To: Taylor R Campbell <campbell+netbsd-tech-kern%mumble.net@localhost>
Subject: Re: Add a mountlist iterator
From: "J. Hannken-Illjes" <hannken%eis.cs.tu-bs.de@localhost>
Date: Sun, 2 Apr 2017 16:48:49 +0200

> On 2. Apr 2017, at 16:34, Taylor R Campbell <campbell+netbsd-tech-kern%mumble.net@localhost> wrote:
> 
>> Date: Sun, 2 Apr 2017 11:09:49 +0200
>> From: "J. Hannken-Illjes" <hannken%eis.cs.tu-bs.de@localhost>
>> 
>>> On 1. Apr 2017, at 23:03, Taylor R Campbell <campbell+netbsd-tech-kern%mumble.net@localhost> wrote:
>>> 
>>> Any particular reason to use a pointer-to-opaque-pointer here instead
>>> of a caller-allocated struct mountlist_iterator object?
>> 
>> Just to make it opaque to the caller.  I see no reason to make the
>> mountlist internals part of the kernel API and expose them down to
>> the file system implementations.
> 
> The caller-allocated struct mountlist_iterator could be made to
> contain just a single pointer as the current API uses.
> 
> *shrug* Not a big deal either way.
> 
>> As _mountlist_next() exists for DDB only (no locks, no allocs) I see
>> no problems here.
> 
> One might be concerned in ddb with having to chase many pointers in a
> possibly corrupt kernel memory state, so there is some small advantage
> to avoiding list traversal.

Not from the DDB prompt but from operations like "printlockedvnodes()"
or "fstrans_dump()".  If the mountlist is corrupt you're lost.

> 
>>                   Embedding the mountlist_entry in "struct mount"
>> forces us to use a "struct mount" as a marker and this struct
>> has a size of ~2.5 kBytes.
> 
> By `embed' I didn't mean that the marker has to be a whole struct
> mount.  Rather, something more like:
> 
> 	struct mountlist_entry {
> 		TAILQ_ENTRY(mountlist_entry)		mle_tqe;
> 		enum { MNTENT_MARKER, MNTENT_MOUNT }	mle_tag;
> 	};
> 
> 	struct mount {
> 		...
> 		struct mountlist_entry mnt_entry;
> 		...
> 	};
> 
> 	TAILQ_HEAD(, mountlist_entry) mount_list;
> 
> To recover the struct mount from a struct mountlist_entry that is
> tagged as a mount, simply do
> 
> 	struct mountlist_entry *mle = ...;
> 	struct mount *mp = container_of(mle, struct mount, mnt_entry);

Any reason you want "mle_tqe" and "mle_tag" public?
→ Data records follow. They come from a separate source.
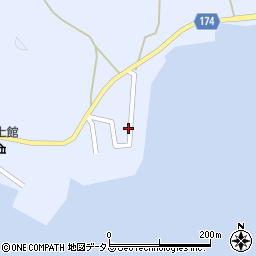 愛媛県越智郡上島町岩城783周辺の地図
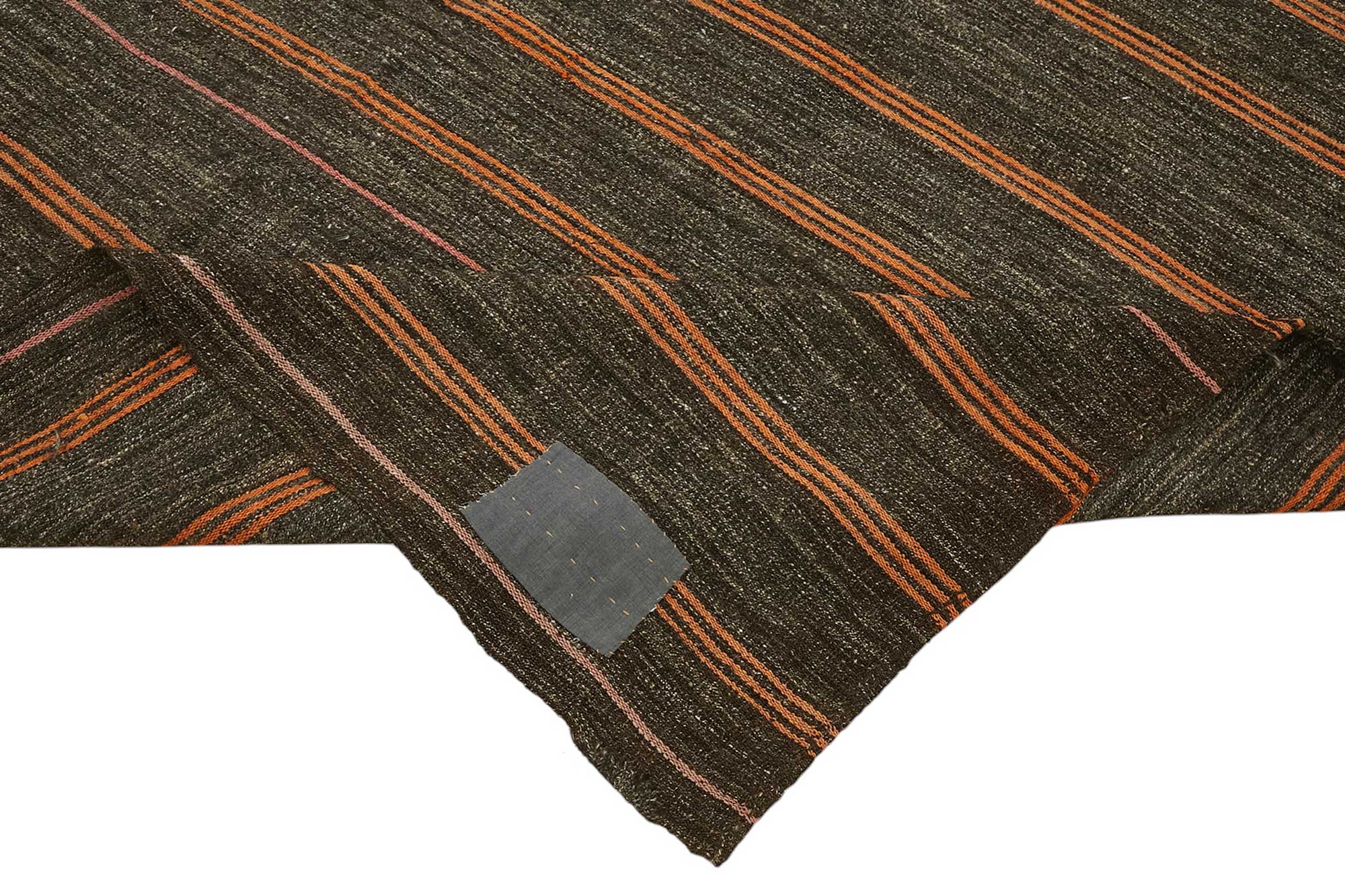7x8 Authentic Turkish Goat Hair Kilim - 47228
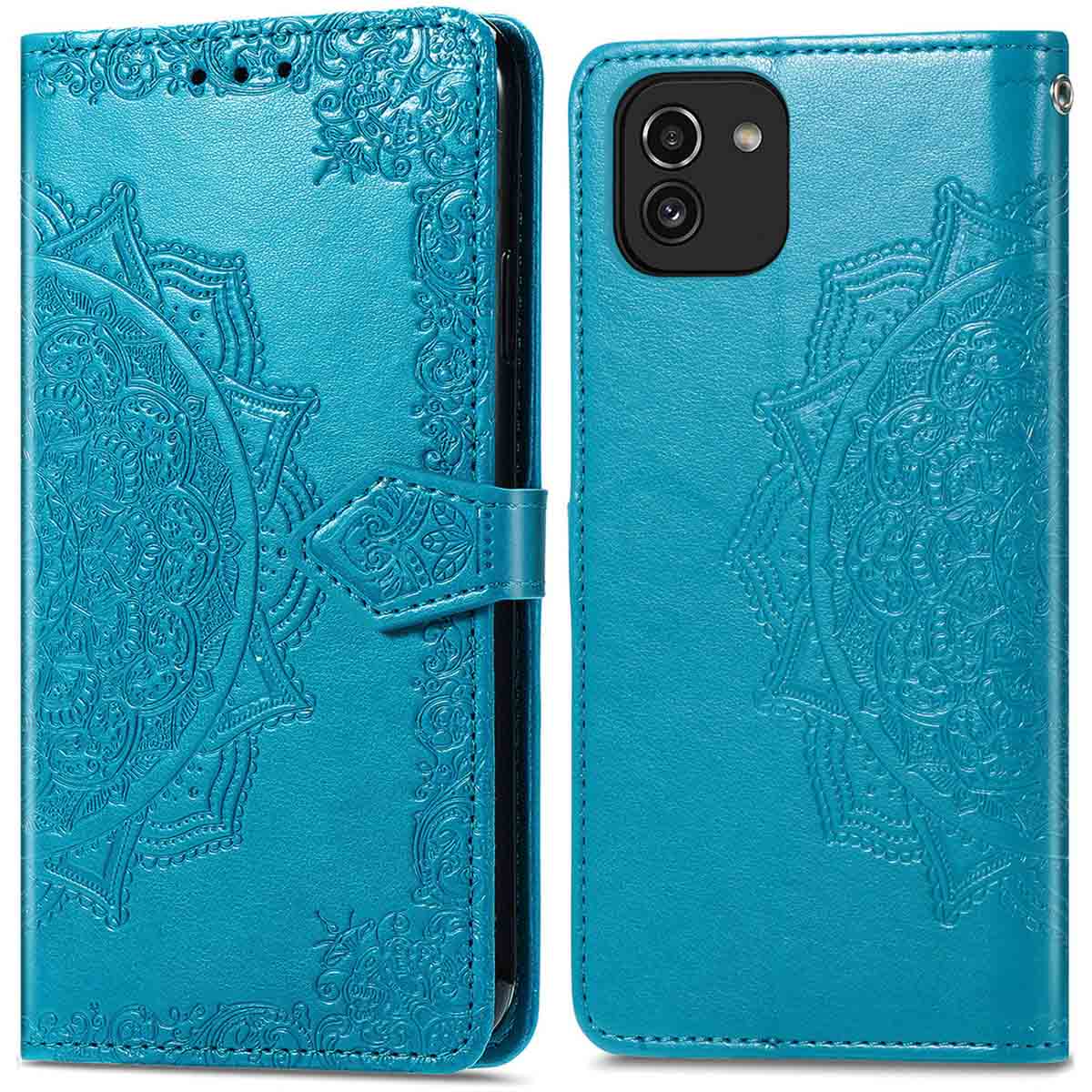 imoshion Mandala Bookcase voor de Samsung Galaxy A03 - Turquoise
>>> Candidate for cacheline-aligned struct?  Why do we need a new lock
>>> mount_list_lock for this instead of using the existing mountlist_lock?
>> 
>> For the transition it is better to use a separate lock.  After the
>> transition "mountlist_lock" gets removed.
> 
> OK, fair enough.  Can you add a comment over the declaration stating
> that plan?
> 
>>> Beware: TAILQ_PREV (and TAILQ_LAST) violates strict aliasing rules, so
>>> we should probably try to phase it out rather than add new users.
>>> Maybe we should add a new kind of queue(3) that doesn't violate strict
>>> aliasing but supports *_PREV and *_LAST.
>>> 
>>> All that said, it is not clear to me why you need reverse iteration
>>> here.  None of your patches seem to use it.  Are you planning to use
>>> it for some future purpose?
>> 
>> Historical the mountlist gets traversed in mount order.  Some syscalls
>> return in this order so it should be kept.
>> 
>> Unmounting all file system on shutdown has to be done in reverse mount
>> order so here (vfs_unmount_forceone / vfs_unmountall1) we need it.
> 
> I see -- your patch just hasn't addressed those yet.  Maybe Someone^TM
> should just write a replacement for TAILQ so we can use it here now.

File 002_ml_iterator_switch around line 453 and 487.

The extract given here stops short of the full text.